TO DO: Your task is to repeat exactly the lines below between the line holding "Black & Gold" and the line holding "Golden omega-3 fish", inclusive, and only those.

GIVEN INFORMATION:
........
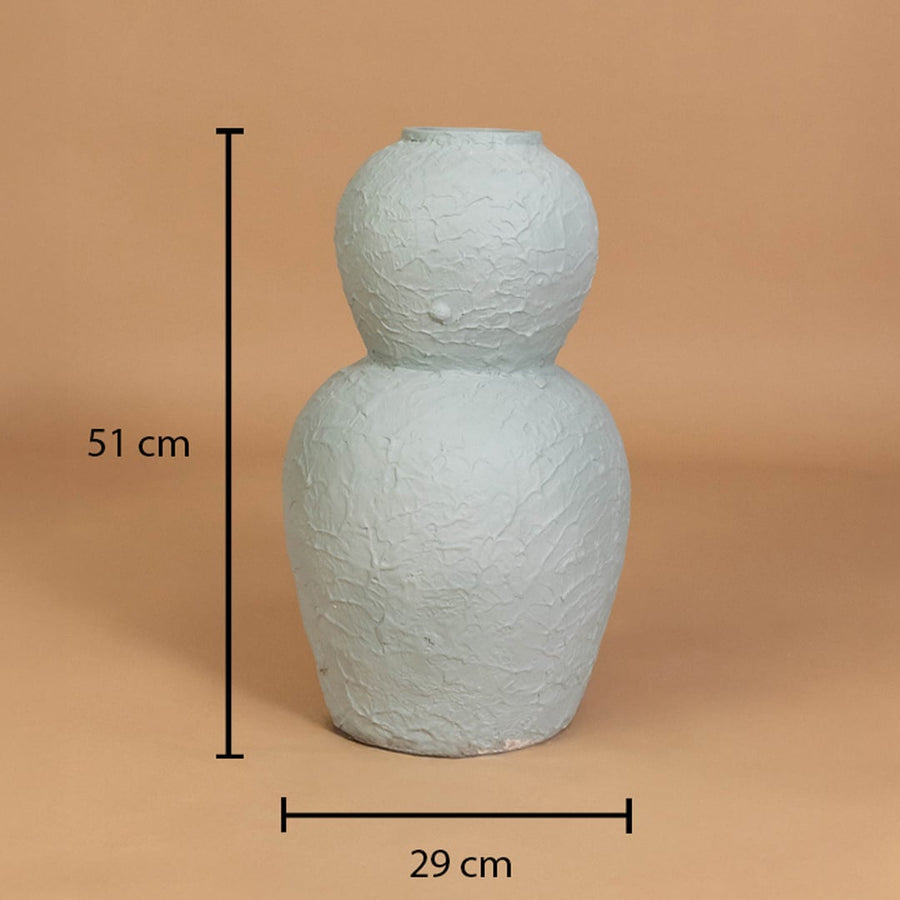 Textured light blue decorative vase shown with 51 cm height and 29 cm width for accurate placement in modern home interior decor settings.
........
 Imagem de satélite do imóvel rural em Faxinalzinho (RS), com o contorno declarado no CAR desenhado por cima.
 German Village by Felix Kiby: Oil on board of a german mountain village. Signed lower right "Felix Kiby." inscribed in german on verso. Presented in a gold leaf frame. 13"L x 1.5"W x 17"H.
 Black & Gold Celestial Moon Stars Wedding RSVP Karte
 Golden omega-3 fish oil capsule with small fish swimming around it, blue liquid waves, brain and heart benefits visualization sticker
........
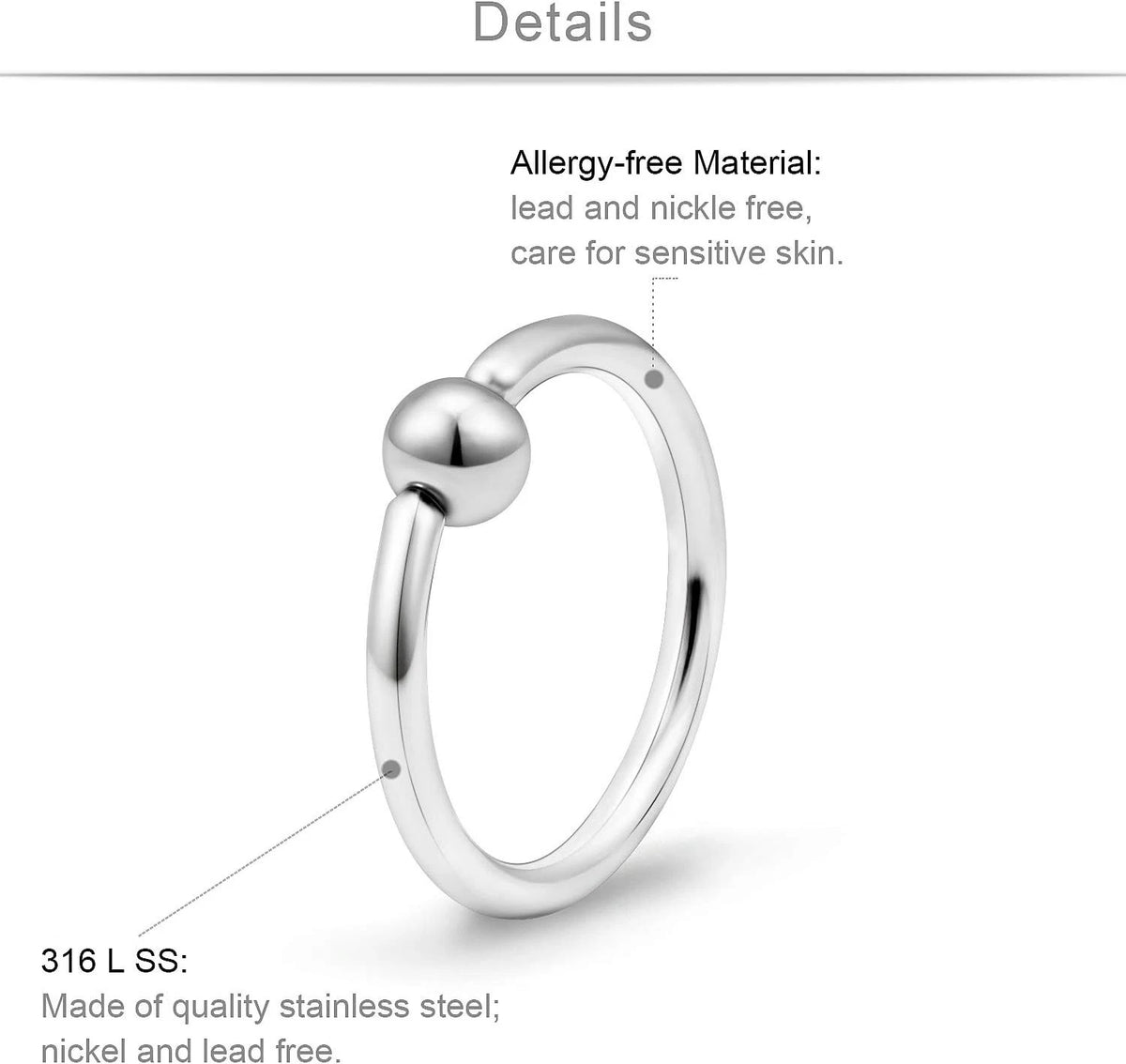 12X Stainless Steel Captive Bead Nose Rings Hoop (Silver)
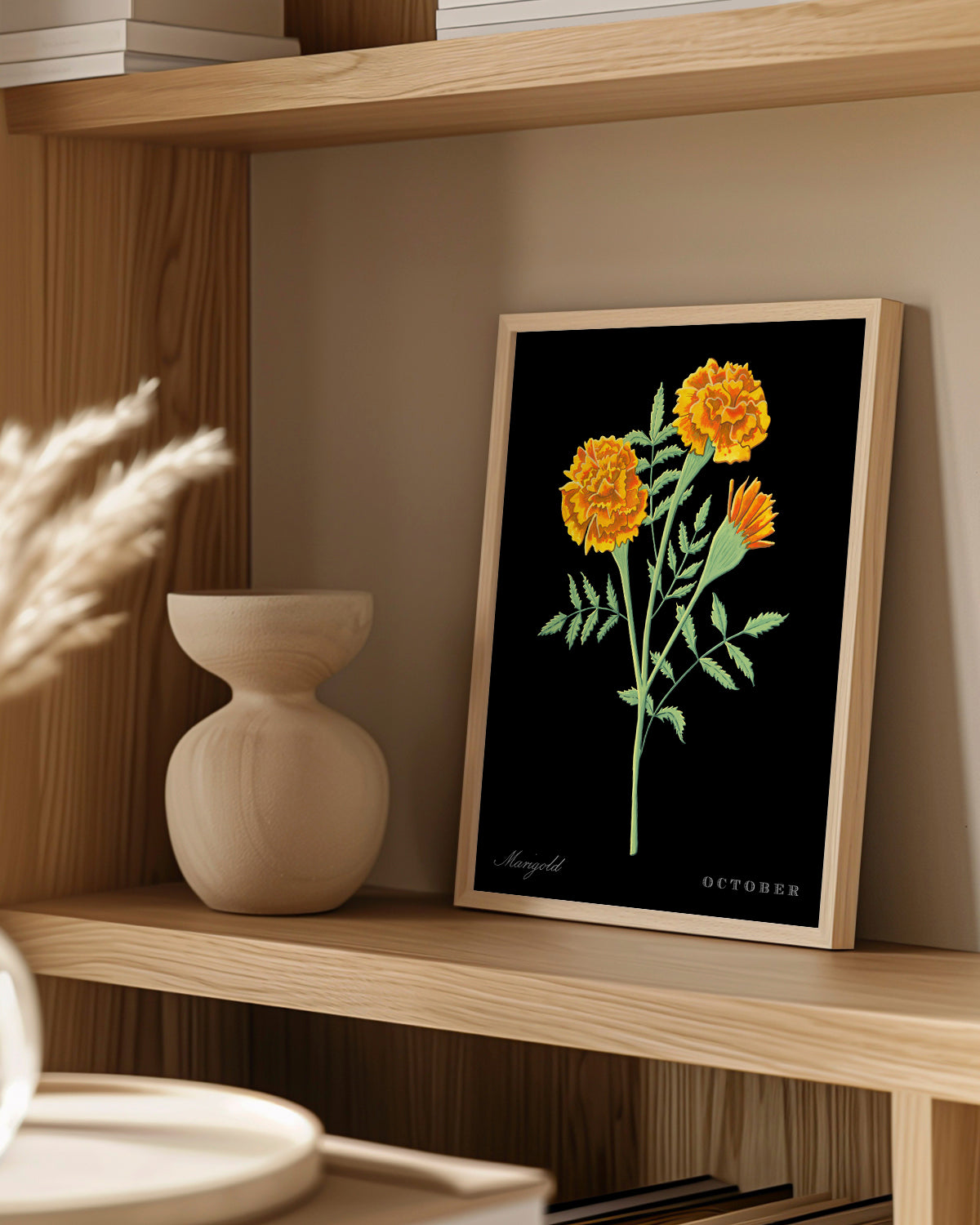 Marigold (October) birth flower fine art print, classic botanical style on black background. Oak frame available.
........
PROBLEM SOLUTION:
 Black & Gold Celestial Moon Stars Wedding RSVP Karte
 Golden omega-3 fish oil capsule with small fish swimming around it, blue liquid waves, brain and heart benefits visualization sticker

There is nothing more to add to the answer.